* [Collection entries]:
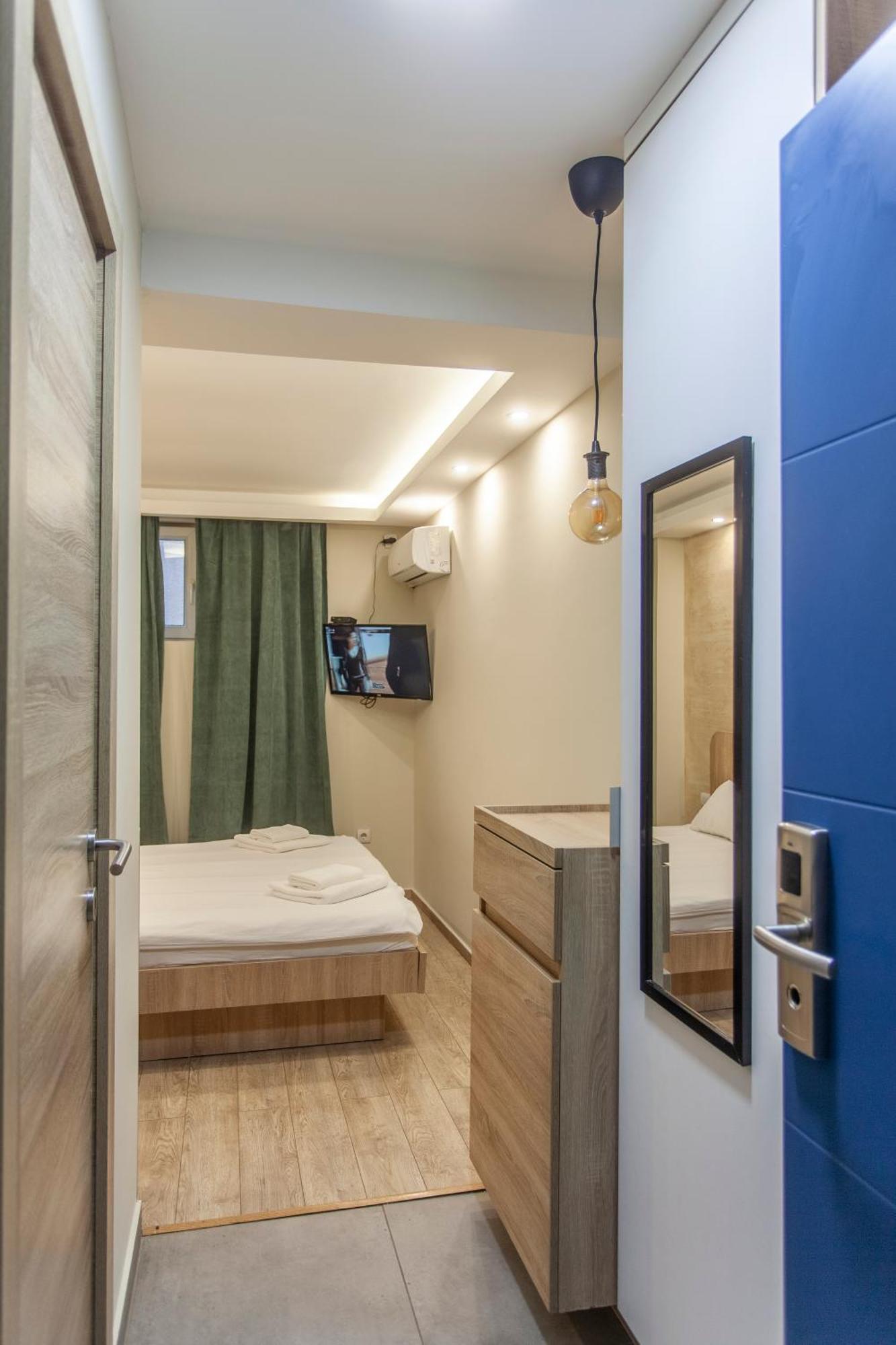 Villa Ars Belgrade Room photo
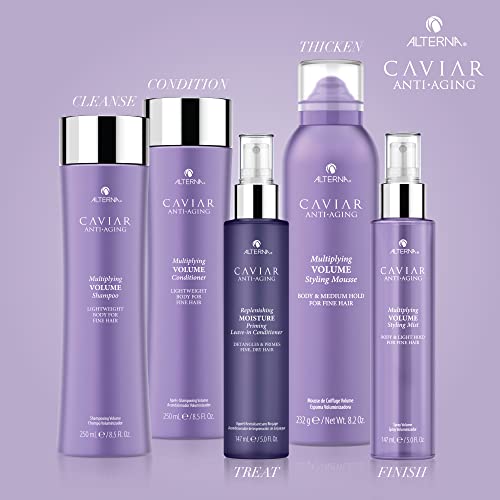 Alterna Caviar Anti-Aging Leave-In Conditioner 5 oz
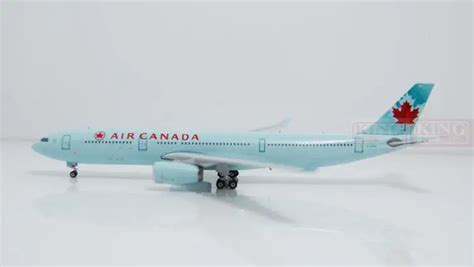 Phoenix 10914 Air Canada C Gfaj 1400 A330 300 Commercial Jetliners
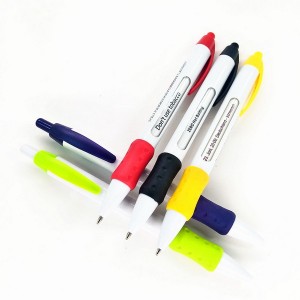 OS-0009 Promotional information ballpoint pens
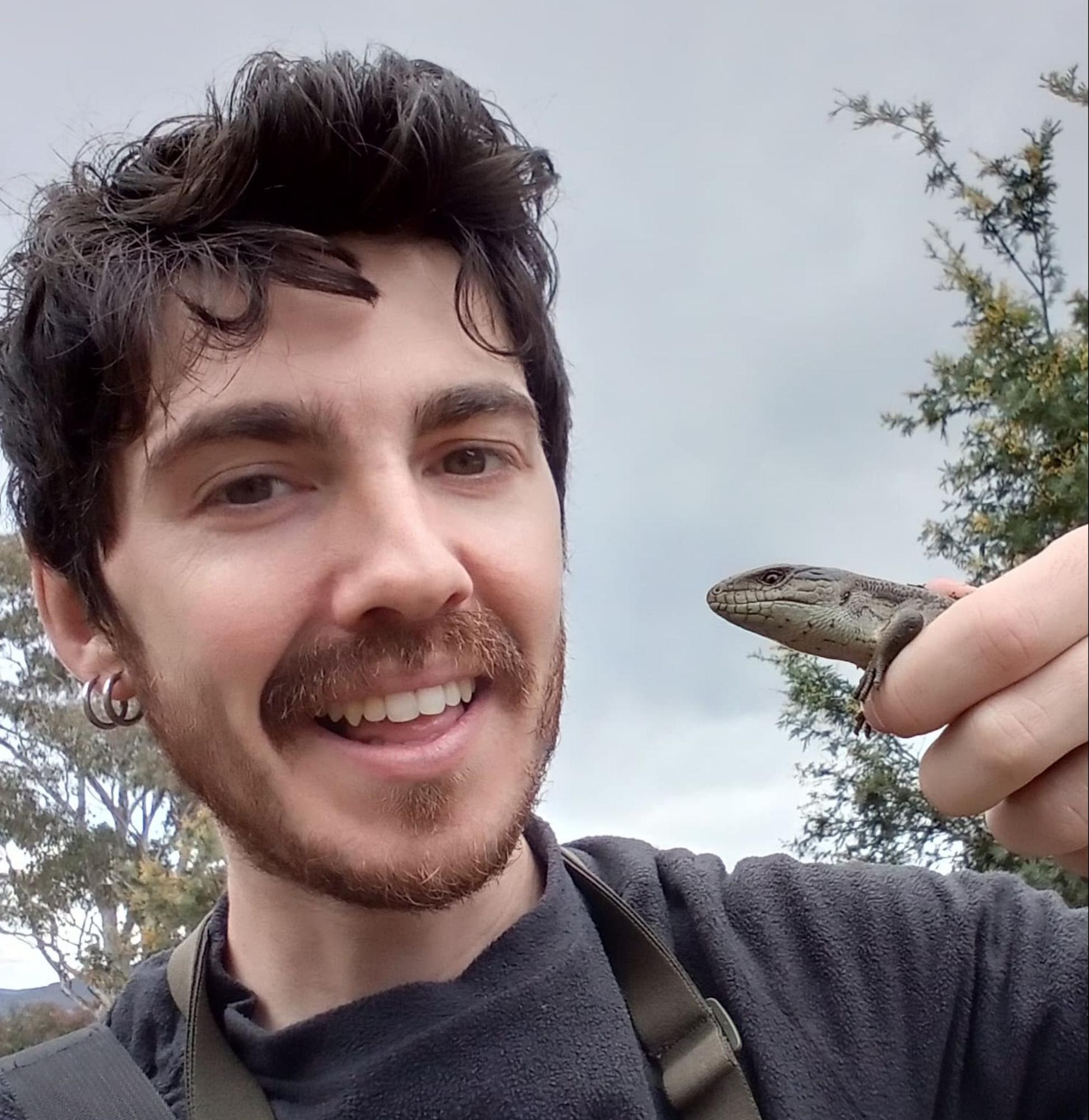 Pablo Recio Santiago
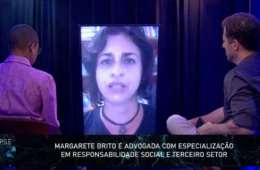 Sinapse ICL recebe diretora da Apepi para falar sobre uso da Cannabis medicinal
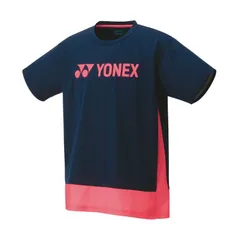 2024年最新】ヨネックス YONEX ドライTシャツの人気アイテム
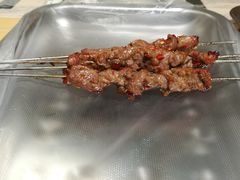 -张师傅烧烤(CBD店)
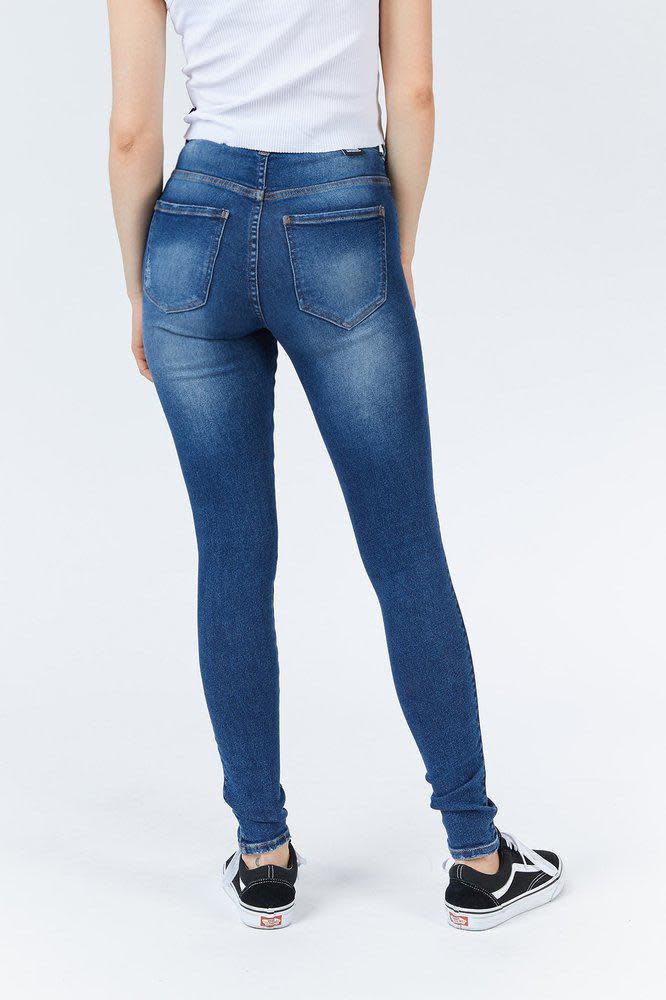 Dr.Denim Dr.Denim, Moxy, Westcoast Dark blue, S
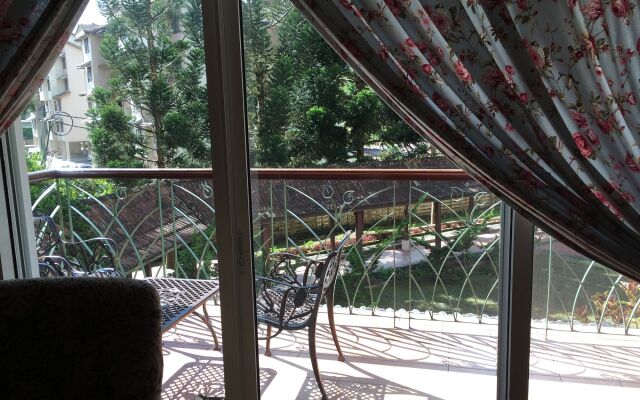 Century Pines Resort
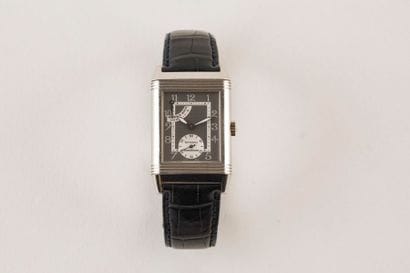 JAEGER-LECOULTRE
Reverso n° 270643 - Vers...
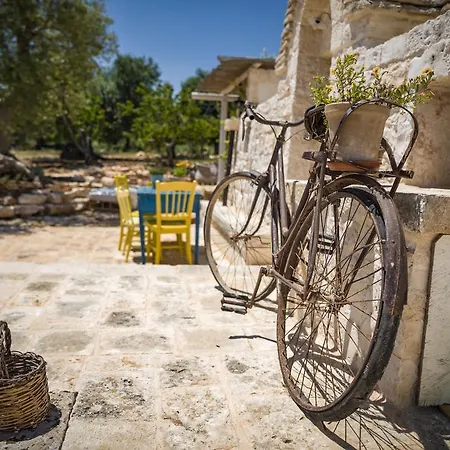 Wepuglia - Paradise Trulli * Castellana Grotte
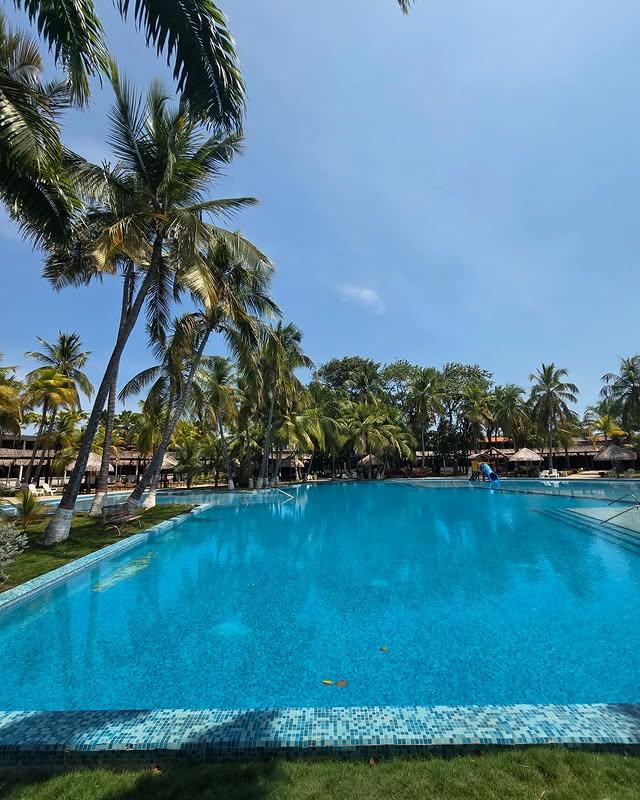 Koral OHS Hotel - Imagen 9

* [ACTIVITY]:
Leaving out all pictures, print exactly the lines above from the one containing "Century Pines Resort" through the last line of the entries.

* [TASK RESPONSE]:
 Century Pines Resort
 JAEGER-LECOULTRE
Reverso n° 270643 - Vers...
 Wepuglia - Paradise Trulli * Castellana Grotte
 Koral OHS Hotel - Imagen 9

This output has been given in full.